One of Barlen’s friends pointed out how similar the brand’s name to the word “stork”, and the joke gave birth to political protest. “If the Neo-Nazis use fashion to spread their ideas, so can we,” he explained. Thor Steinar, on their part, were not amused: in 2008 they accused the humorous brand of violating copyrights, ironically taking them to court in Nuremberg - “I guess they overlooked the irony,” noted Barlen - but the Storch Heinar prevailed.

 

Since then the project has expanded to additional fields: Besides selling t-shirts, mugs, and bags on their website, the people behind Storch Heinar now also organize school events and mass rallies attended by the stork figure, in order to raise awareness to extremism.

 

“We formed a band called Storchkraft (stork power, in German) as a spoof of a famous neo-Nazi band, Störkraft, with which we perform in schools for at-risk youths,” added Barlen.

 

“Our target audience is people who might be vulnerable to the neo-Nazi ideology but haven’t adopted it yet. We want to make them think and look for more information about what it really means,” he continued.

 

 

According to Barlen, the use of parody and humor succeeds in grabbing the attention of people who are otherwise indifferent to politics, but he also admitted he’s no stranger to the troubles faced by The Apple Front: "We have over 70 thousand likes on Facebook and every time we publish something, at least a thousand don’t get the joke and complain. For the Apples it must be even worse”.

 

Like the Apple Front, the people of Storch Heinar introduced the stork as a political candidate and a “neo-Nazi alternative” at the state election in Mecklenburg-Vorpommern two years ago and yet again this year.

 

In the coming election, the stork is planned to run for office in three other states.

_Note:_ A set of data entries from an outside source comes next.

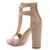 Croc Block Heel Sandal in Nude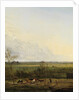 Distant View of the Meadows at ’s-Graveland, The Netherlands by Pieter Gerardus van Os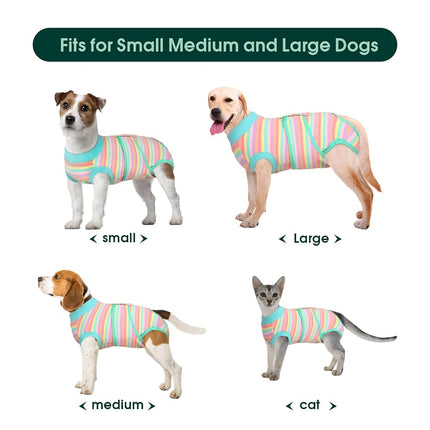 Kuoser Recovery Suit for Dogs Cats, Soft Dog Surgery Suit Female Male Spay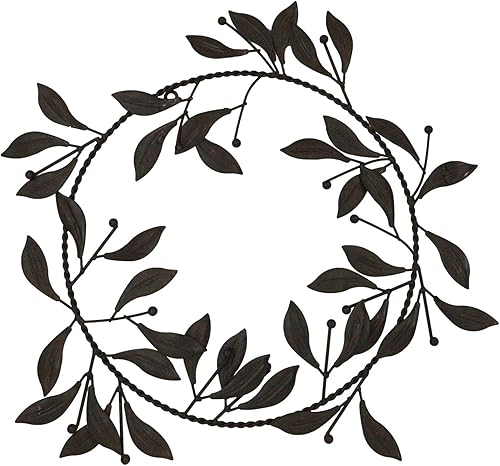 Miniatura 3 de Ebros Gift Juego de 4 coronas florales redondas grandes de 17 pulgadas de diámetro, diseño de medallón de árbol de la vida, diseño de círculo, de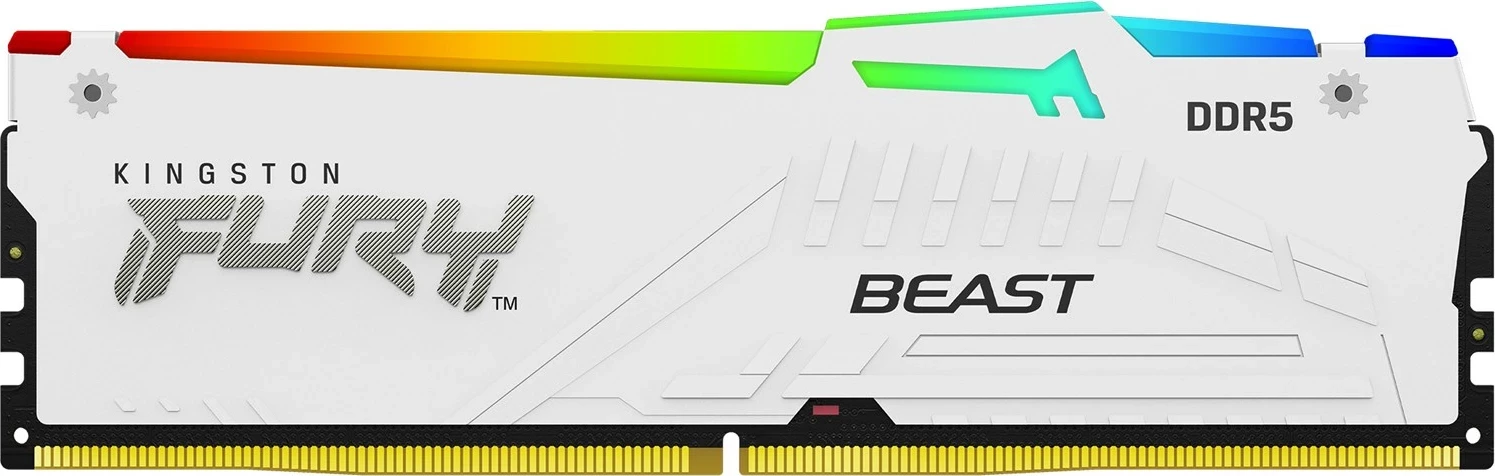 RAM Memorje Kingston FURY Beast 32GB 6000MT/s DDR5 CL36 DIMM (Kit of 2) Bardhë RGB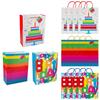 Fun Express 10" x 13" Large Happy Birthday Party Paper Gift Bags with Tags, 12Pieces view 1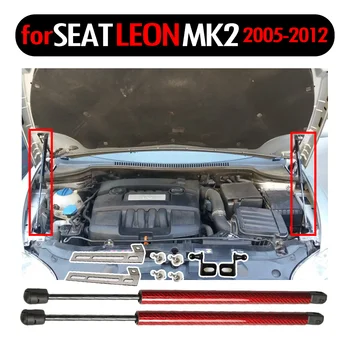 Anglies Pluošto Smūgio Slopintuvas skirtas SEAT LEON MK2 1P 2005-2012 m. Automobilių Stiliaus Priekinis variklio Dangtis, Keisti Dujų Statramsčiai Liftas Paramos Dujų Springs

Nevertheless, Barlen pointed out the difference between storks and the Apples: “Their activity is terrific in my view, but some people, especially the elderly, told me they were really frightened when they saw them all dressed in black and carrying red flags. One really needs to look closely to understand they’re not Nazis. I guess we take a softer approach”.

 

Upravitelev confirmed that in the beginning the movement was attacked by people who claimed their activity is too aggressive, but he rebuffed the criticism himself: “Satire need to disrupt the order, to daze and confuse people. We laugh occasionally at the ideology that led to the Nazi’s actions, but we would never disrespect the victims.”

 

Langer concurred: “I’m a Jew and almost half of the members of The Garlic Front are Jewish, and many times people thanked us because at least we bother enough to take action against the Nazis. Even if at first it’s annoying to see those symbols, after a few moments it’s clear to all that we aren’t real Nazis. Nobody ever felt that we belittle the memory of the Holocaust”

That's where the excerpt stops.